Q. Well, now, while you were walking across Franklin Street on the sidewalk from the south side, until the time that you reached the car track, did you again or still look to see if a street car was coming? A. Well, I might have noticed up and down the street on Franklin, but I don't recall if I looked up and down again. Q. You do not recall whether you looked or not? A. The second time; no. Q. You are sure that you did not see the street car which turned out of Park Avenue, west with Franklin, until it practically struck you? A. Well, just a little ways from me before I seen it. * * * I don't know how far it was in front of me. It wasn't very far. If it was, I could have gotten out of the way. Q. Tell us whether, when you reached these car tracks, as you were going north on Franklin Street, when you reached these tracks, did you look to see whether there was any street car coming? A. Coming where? Up Park Avenue? Q. Coming around that corner? A. Well, I looked both ways and I could not see any car. I do not recall how far I looked, but I remember looking up and down Franklin Street, and up and down Park Avenue, but I could not see on Park Avenue very far from Franklin Street from where I was standing. Q. And you never did see a street car? A. No. Q. Was there any automobile or anything else passing there which would obstruct your view from the street car which actually did strike you? A. I do not recall seeing one.

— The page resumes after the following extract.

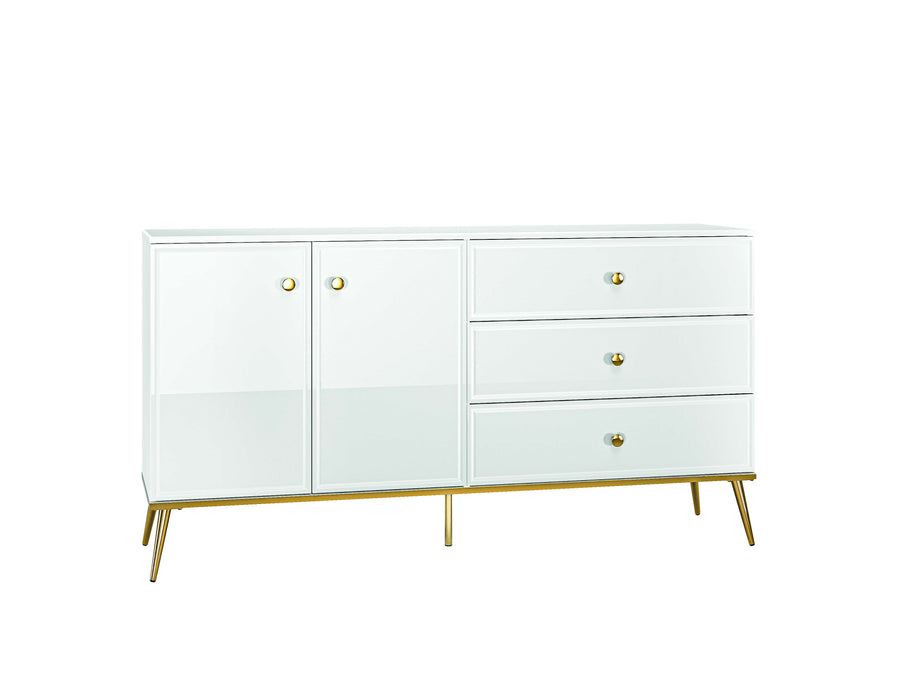 Wohnzimmer Set 4-teilig – GOLDIN – Modernes Wohnmöbel-Set mit elegantem Design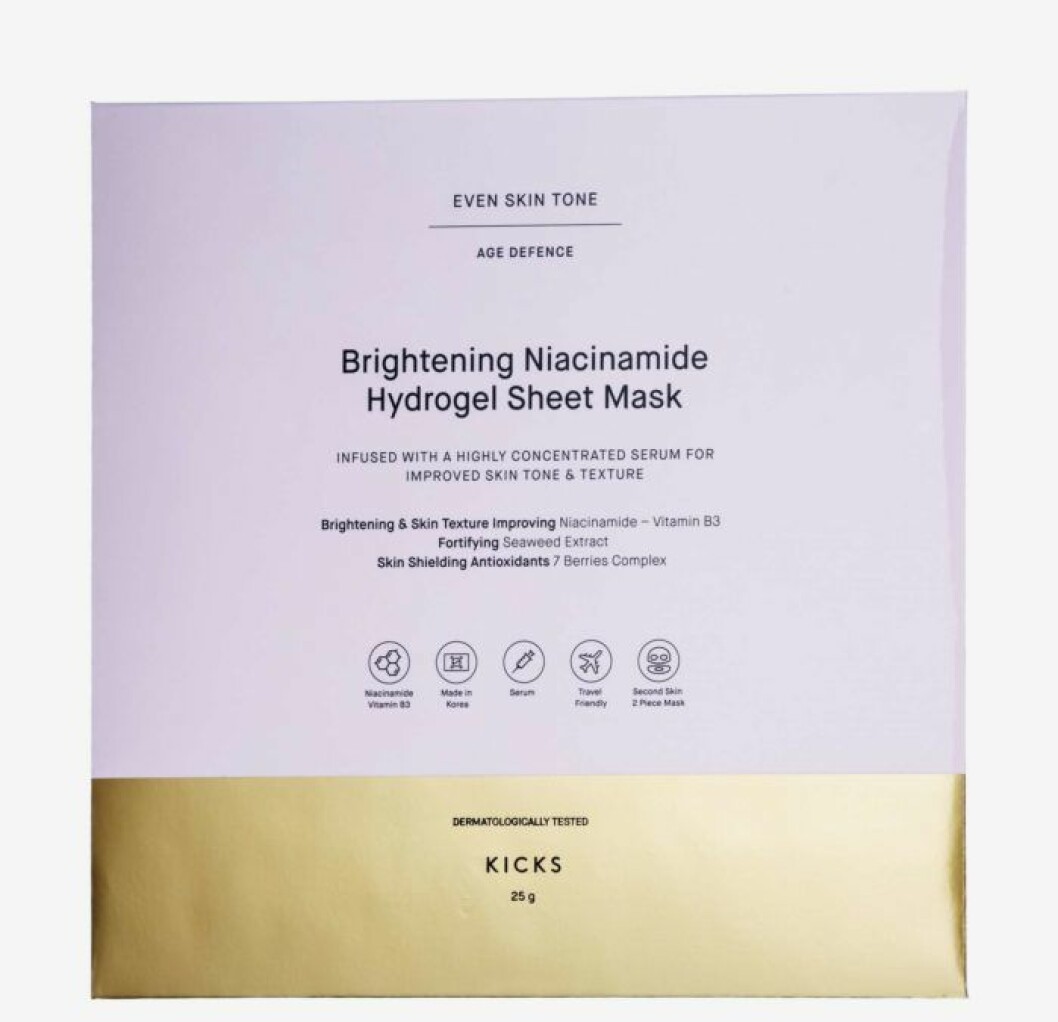 Tvådelad sheet mask som ska verkar lugnande och bidra till att återställa hudens lyster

There were three other eye witnesses of the accident who testified for plaintiff, Vernon W. Seitz, John G. Bannon, Jr., and Henry Morris. The first two testified that the car was moving slowly going around the curb, according to Seitz not much faster than a man walks. Morris testified: "It *346 looked to me he was taking it slowly around the curve, and he had his head completely halfway around, and no bell or looking in front of him at all." Subsequently this witness, in answer to a question on cross examination, said "Well, it was going — well, the way he had his head turned, he was going right fast, going at that speed." When asked to explain what he meant by that, he said: "It was going at a right good rate of speed, at a curve at the intersection, at a turn, I would consider it going fast. Q. Well, if it had been a straight way, would it have been fast? A. Well, he was going fast around the curve, without a bell or looking. (The Court) You are basing it on not looking or ringing a bell, but what counsel is interested in is whether the car itself was going fast or slow? A. It was going fast."
These three witnesses all testified that, in rounding the curve, the motorman's head was turned to the right, in a position in which, according to one of them, at least, he could not see plaintiff.
Seitz was in an automobile with Bannon, who was driving on Franklin Street eastwardly "about midway of the block between Howard Street and Park Avenue." Witness first saw Miss Doble standing on the curbstone on Franklin Street and Park Avenue. "I noticed her step off the curb and walk north on Park Avenue, and as she got right in the centre of the car track which comes around the corner of Park Avenue * * * the car came around slowly and knocked her down. The street car did not sound a signal. The motorman had his head turned. I could not see what caused him to have his head turned." It was turned to the right; that the car was about half way of the curve when witness first noticed it, which would be right around the corner; that plaintiff was walking north on Park Avenue; at the time she wasn't more than two or three feet from the car; that the motorman did not notice her but kept on, "and she was lying under the safety gate, and she was rolling over and over as she was approaching us. The street car rolled her I imagine twenty or thirty feet." *347
The other witnesses testified to substantially the same facts. They all agreed that there was no traffic at that time and place to interfere with a clear view by plaintiff of the approaching car. A plat was introduced in evidence showing the streets and the car tracks and the distances. From this it appears that, between the tracks curving into Franklin Street around the northwest corner and the southwest corner respectively of Park Avenue and Franklin Street, there is an open space, about seven or eight feet wide at the place where the west line of the pavement would run if extended, and about twenty feet wide at the line of the east side of the pavement. While standing there, plaintiff was just as safe as if she had been on the sidewalk in the then condition of traffic, as shown by plaintiff's evidence. If before leaving this place of safety and stepping on the track she had raised her eyes and looked up the track only a few feet she would have seen that the car had entered the curve and was approaching her. The car must have been well in the curve before she stepped on the track, otherwise she would have gotten safely over, because the turn begins at least twenty-five feet from the east line of the pavement extended.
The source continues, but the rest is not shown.